What to produce:
Beginning at the line that contains "विकसित महाराष्ट्र - 2047", reproduce the entries below exactly, ending with the line that contains "长进光子(688635)研报一览". Omit each picture.

Task data:
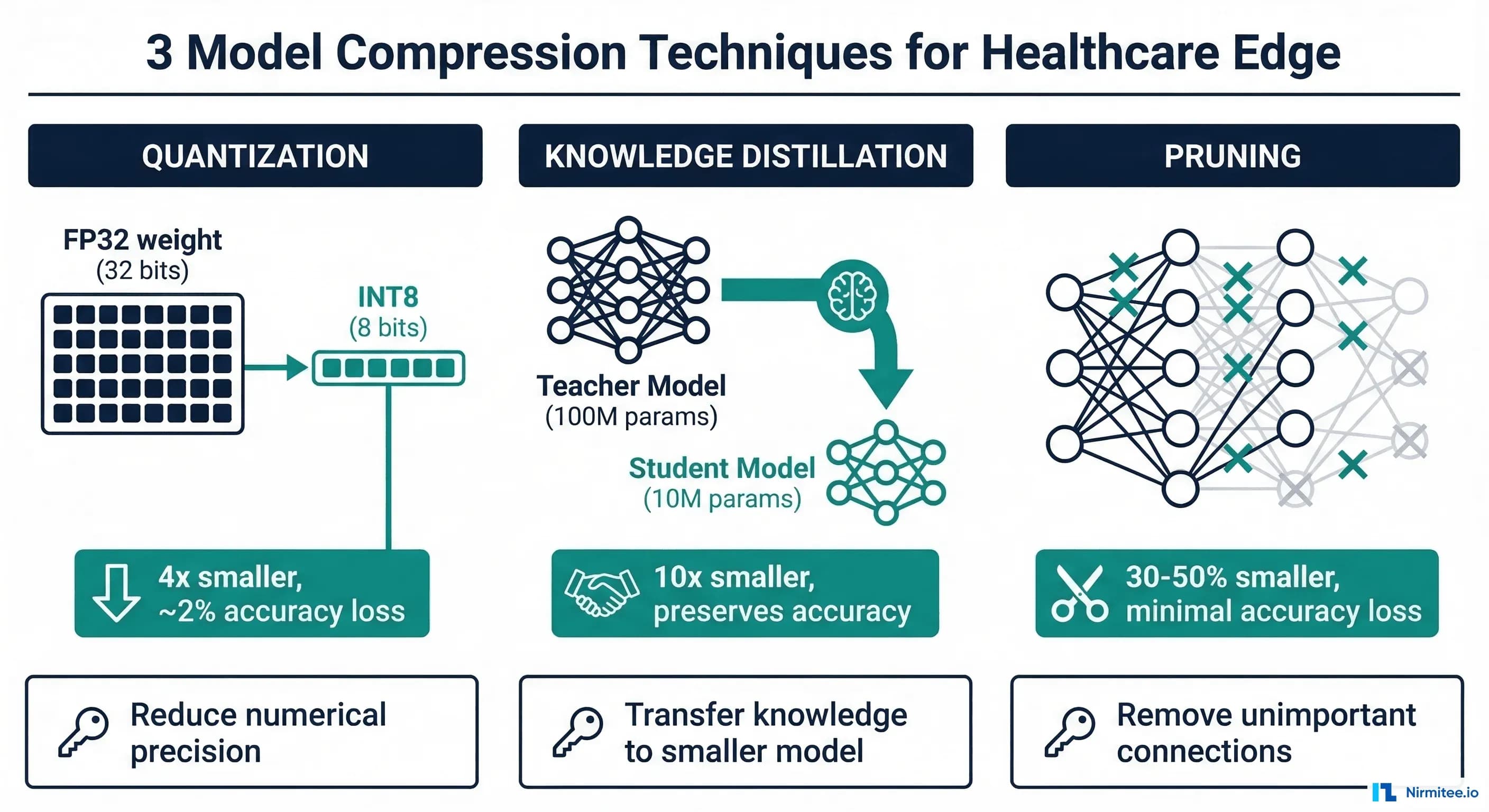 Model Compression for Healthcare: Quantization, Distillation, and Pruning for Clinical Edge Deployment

...

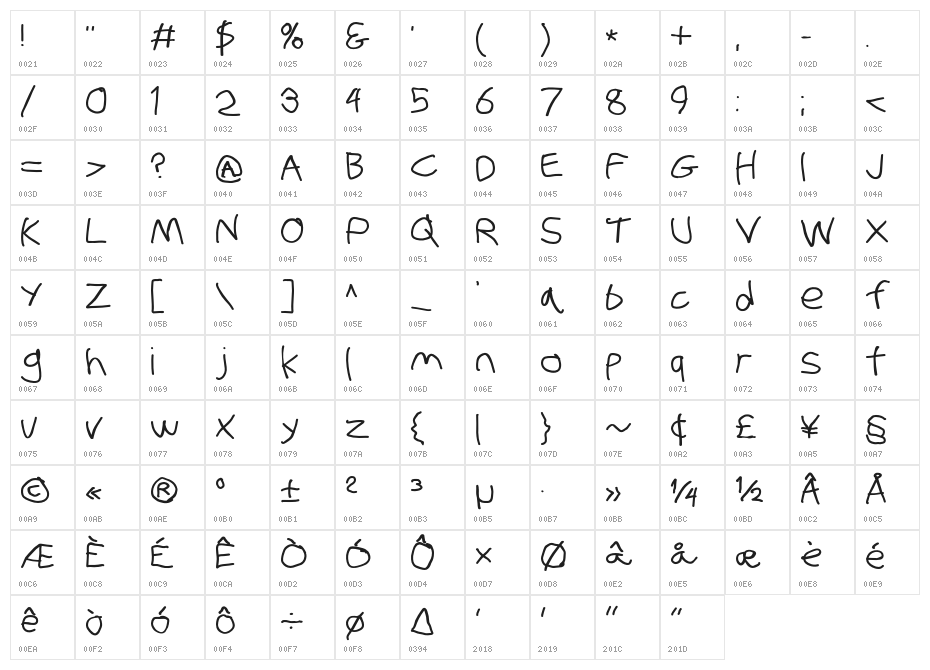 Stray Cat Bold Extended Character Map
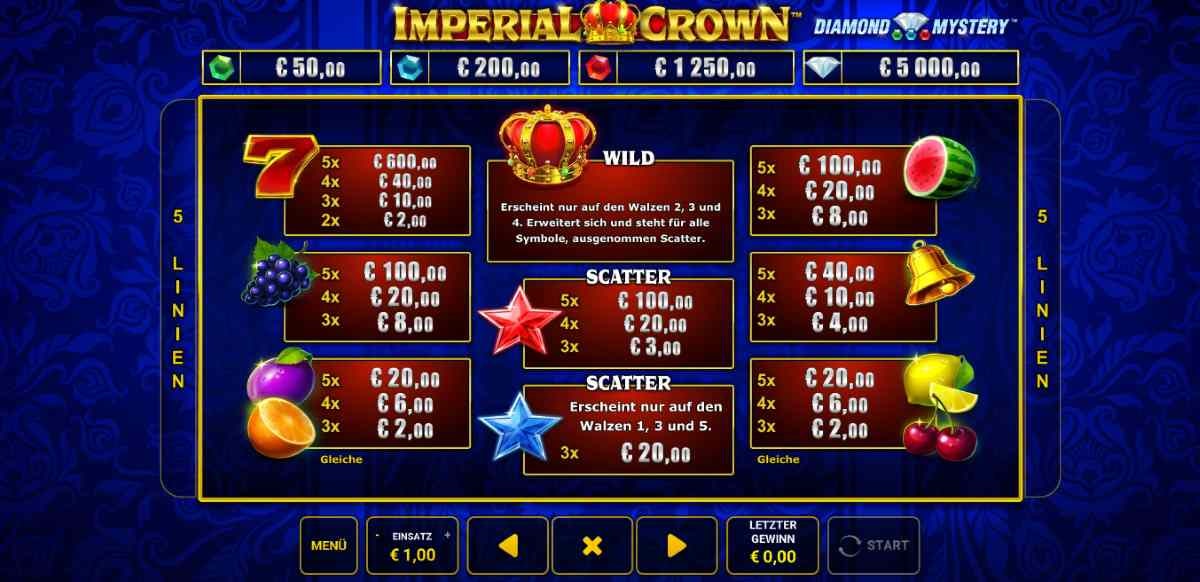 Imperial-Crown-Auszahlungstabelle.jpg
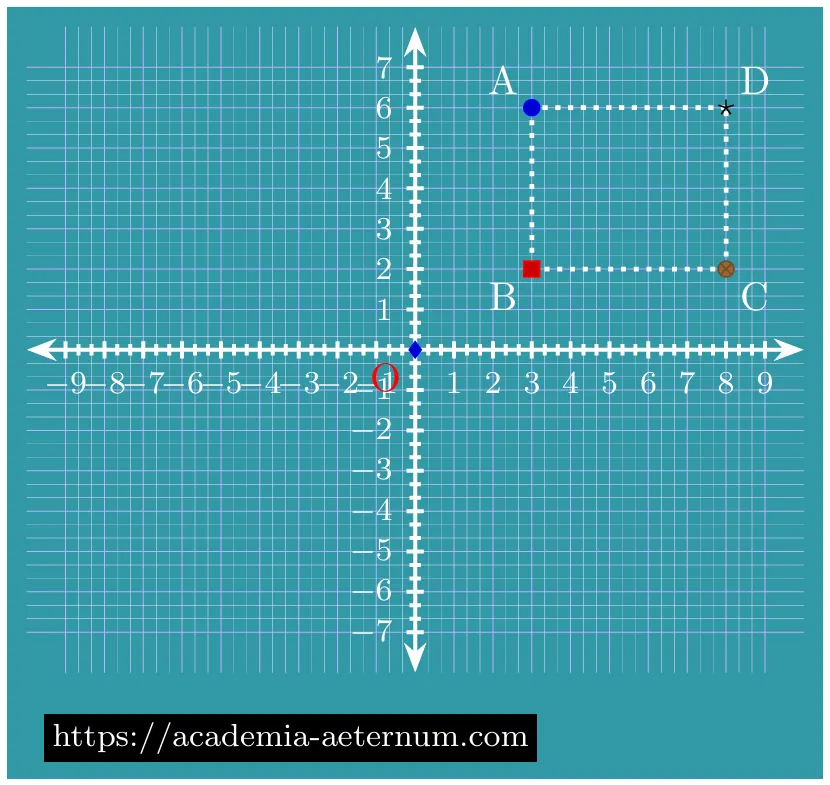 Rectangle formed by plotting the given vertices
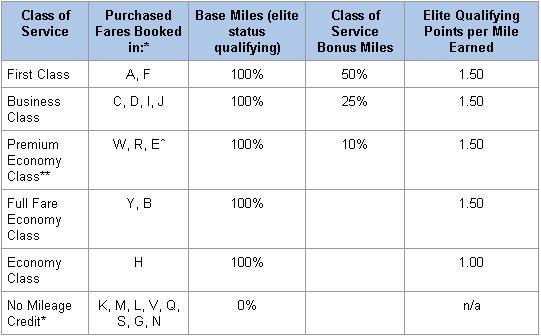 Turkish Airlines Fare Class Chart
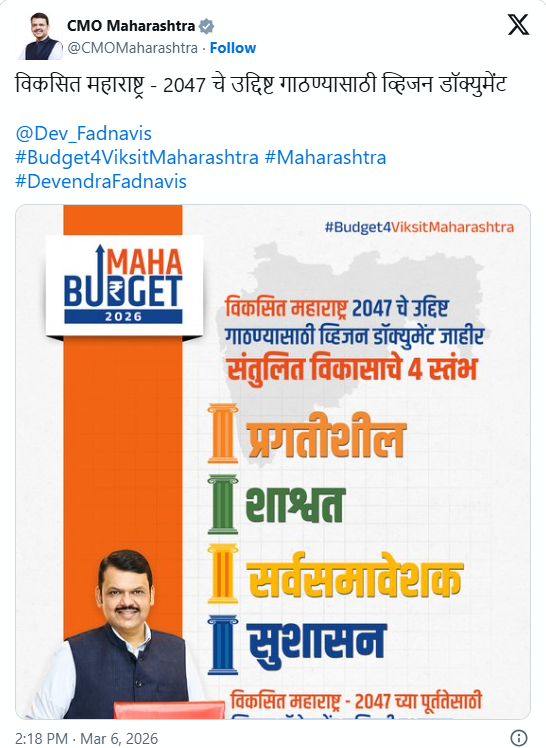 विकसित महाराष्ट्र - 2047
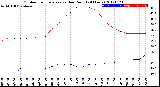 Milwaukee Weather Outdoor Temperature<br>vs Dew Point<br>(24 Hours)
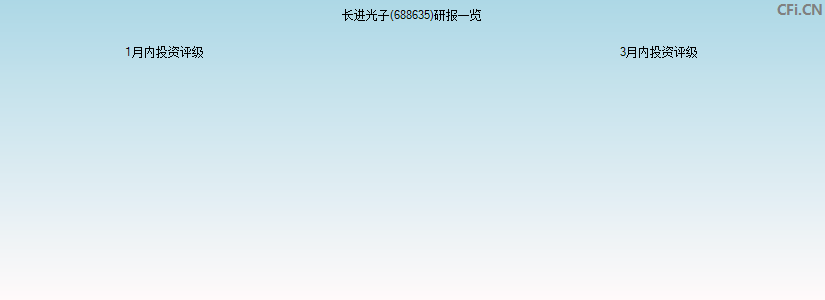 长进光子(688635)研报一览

---

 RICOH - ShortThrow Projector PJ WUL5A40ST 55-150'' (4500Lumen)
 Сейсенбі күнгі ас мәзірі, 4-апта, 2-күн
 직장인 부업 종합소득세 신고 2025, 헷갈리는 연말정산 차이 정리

Result of this task:
 विकसित महाराष्ट्र - 2047
 Milwaukee Weather Outdoor Temperature<br>vs Dew Point<br>(24 Hours)
 长进光子(688635)研报一览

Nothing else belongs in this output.